#Chapter 12 : CSV and plotting

*Data Processing with Python, a course for Communication and Information Sciences*

This chapter is based on http://opentechschool.github.io/python-data-intro/core/csv.html

<a href=mailto:s.wubben@tilburguniversity.edu>s.wubben@tilburguniversity.edu</a>

In this chapter we will learn how to deal with structured data, where to get it and how to plot it. Let's start with some basic plotting.

##Matplotlib

We're going to use the Python library `matplotlib` to create some graphical charts based on our data.

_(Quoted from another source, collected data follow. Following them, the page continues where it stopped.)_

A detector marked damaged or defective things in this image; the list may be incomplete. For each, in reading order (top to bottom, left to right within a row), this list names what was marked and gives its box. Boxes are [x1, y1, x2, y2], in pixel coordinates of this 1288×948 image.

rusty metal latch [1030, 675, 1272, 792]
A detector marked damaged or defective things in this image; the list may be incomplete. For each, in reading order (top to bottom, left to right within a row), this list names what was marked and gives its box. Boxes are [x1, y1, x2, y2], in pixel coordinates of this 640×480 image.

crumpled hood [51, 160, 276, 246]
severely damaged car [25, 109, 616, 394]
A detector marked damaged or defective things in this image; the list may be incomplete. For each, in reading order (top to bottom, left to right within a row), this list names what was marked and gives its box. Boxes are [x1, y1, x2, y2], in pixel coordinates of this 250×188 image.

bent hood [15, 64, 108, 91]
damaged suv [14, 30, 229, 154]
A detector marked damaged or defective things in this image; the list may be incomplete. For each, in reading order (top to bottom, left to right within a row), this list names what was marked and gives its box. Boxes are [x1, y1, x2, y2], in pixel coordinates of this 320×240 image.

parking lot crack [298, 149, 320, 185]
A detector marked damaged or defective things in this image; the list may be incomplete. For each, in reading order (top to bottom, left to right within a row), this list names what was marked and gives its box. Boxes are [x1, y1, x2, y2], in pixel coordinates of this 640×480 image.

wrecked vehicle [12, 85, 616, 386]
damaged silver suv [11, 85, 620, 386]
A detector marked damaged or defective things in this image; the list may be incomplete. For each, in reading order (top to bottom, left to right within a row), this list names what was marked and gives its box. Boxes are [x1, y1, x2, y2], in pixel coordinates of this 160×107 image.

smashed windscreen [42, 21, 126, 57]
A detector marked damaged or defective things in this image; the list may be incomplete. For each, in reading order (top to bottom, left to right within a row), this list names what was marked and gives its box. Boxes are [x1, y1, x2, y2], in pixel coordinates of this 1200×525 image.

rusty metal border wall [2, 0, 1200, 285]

Matplotlib has its own syntax and options. These are way beyond the focus of this course. We will discuss some basic examples, and you can check the documentation for more information on more advanced plotting. 

Since we are using IPython notebooks, we want to generate our plots in the notebook. We specify this as follows:


In [None]:
%matplotlib inline

Now we can plot some basic numbers:

In [None]:
import matplotlib.pyplot as plt
vals = [3,2,5,0,1]
plt.plot(vals)

If all went allright, you see a graph above this block. Try changing the numbers in the vals list to see how it affects the graph. 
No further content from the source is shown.